By now, having spent enough time in the Philly scene, the guys in Besphrenz have made more friends to add even more magic and confusion to their operation, like Good Old War’s Keith Goodwin and Anthony Green from Saosin, Circa Survive, and L.S. Dunes, in addition to his own prolific solo output.
Green’s trademark high-pitched vocals are featured on “yeah,” the lead single from Bert, which also includes Goodwin’s help with instrumentation and production.
Smith knew Goodwin as a high school kid in the Philly suburbs, when he was a fan of the Good Old War guys’ pop punk band Days Away. Eventually, Goodwin became aware of what the Besphrenz guys were up to, and enlisted Deckhart for his own projects. That turned into a close friendship between the band and Goodwin, who in turn introduced them to Green and he found his way into the fold, expanding the group of best friends in Besphrenz from three to five.
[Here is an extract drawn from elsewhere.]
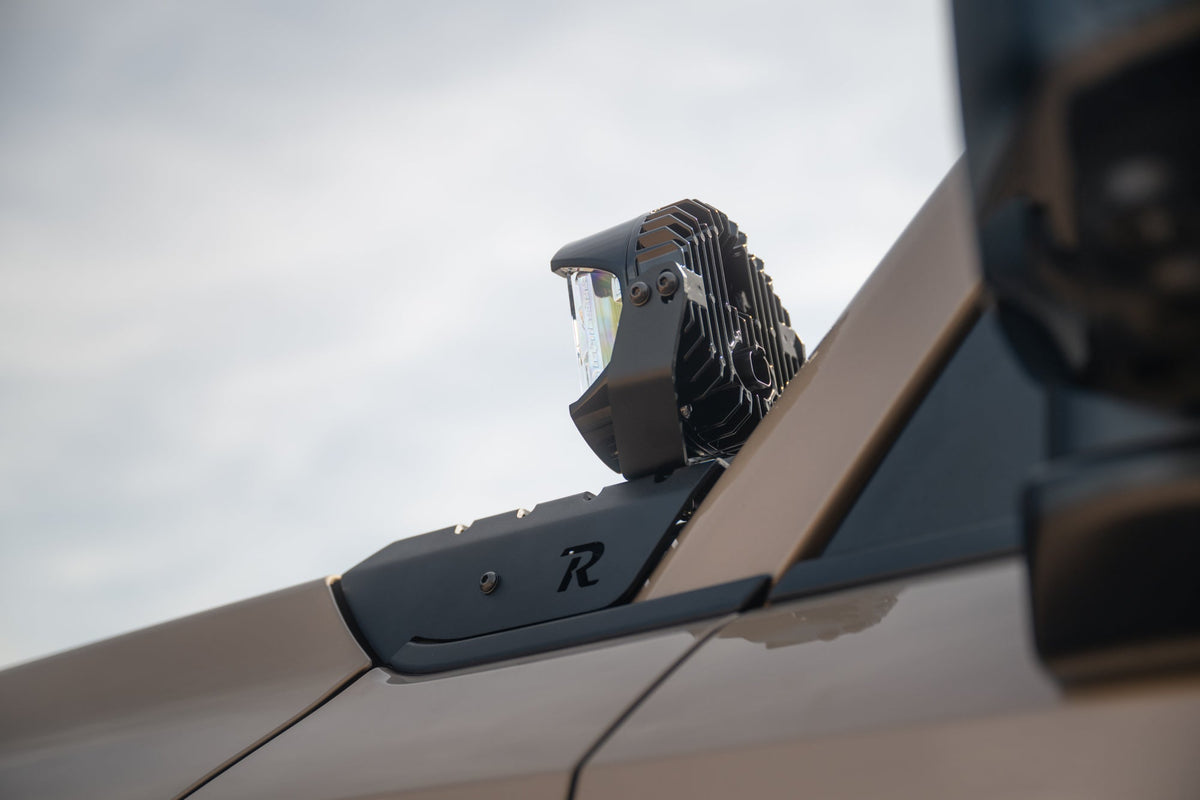 Rago Fabrication A-pillar light mounts for Lexus GX 550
“It feels cool because we idolized them growing up, and now Keith and Anthony feel like Rob and Taylor—a couple of other dudes who grew up in our hometown,” Smith says. “I don’t think we lost hope, but we took a step back, and Keith has been such a cheerleader. Anthony, too. And it’s cool when people help when you’re not asking for it. They’re always there and asking, ‘Hey, what do we need to do?’ At the end of the day it’s cool to work with people you grew up with, whether they’re household names to everyone else. I think that collaboration is more meaningful to me than others.”
Besphrenz spent time in the machine, and while it didn’t break the friendship or the creative force behind the group, the three childhood friends at least saw what was really important in all of this: Each other. It sounds corny to distill the group down to a name that sort of started as a joke, playing on the trend of the time for Soundcloud artists to spell things phonetically and in silly ways. But Smith continues to hammer the point home: The goal is just to keep making music together as the three of them. If that leads to an even more comfortable “career,” that’d be just great. But they’re very much in agreement that it’s not the prime directive.
If it were, they probably wouldn’t try so many different things in the writing process. But, that could turn out to be a blessing in an era where the robots are starting to try their hand at art.
“We’re making AI-proof music,” Smith says. “Maybe that’s the move.”